- _RECORDED DATA_
###

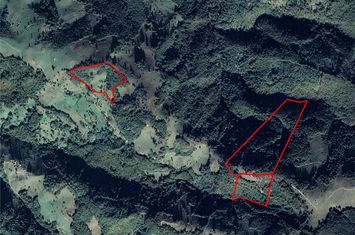 Teren Intravilan de vanzare BULZ  - Bihor anunturi imobiliare Bihor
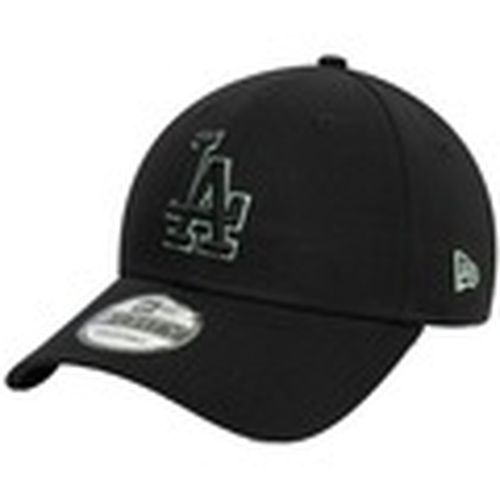 Gorra TEAM OUTLINE 9FORTY LOSD para hombre - New-Era - Modalova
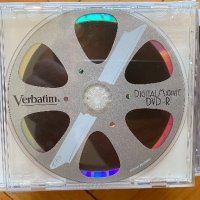 Лот от CD-R, DVD-R, снимка 4 - CD дискове - 44339063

###

- _WORK INSTRUCTIONS_
Copy the entire listing exactly but skip the pictures.

- _ANSWER TO THE PROBLEM_
 Teren Intravilan de vanzare BULZ  - Bihor anunturi imobiliare Bihor
 Gorra TEAM OUTLINE 9FORTY LOSD para hombre - New-Era - Modalova
 Лот от CD-R, DVD-R, снимка 4 - CD дискове - 44339063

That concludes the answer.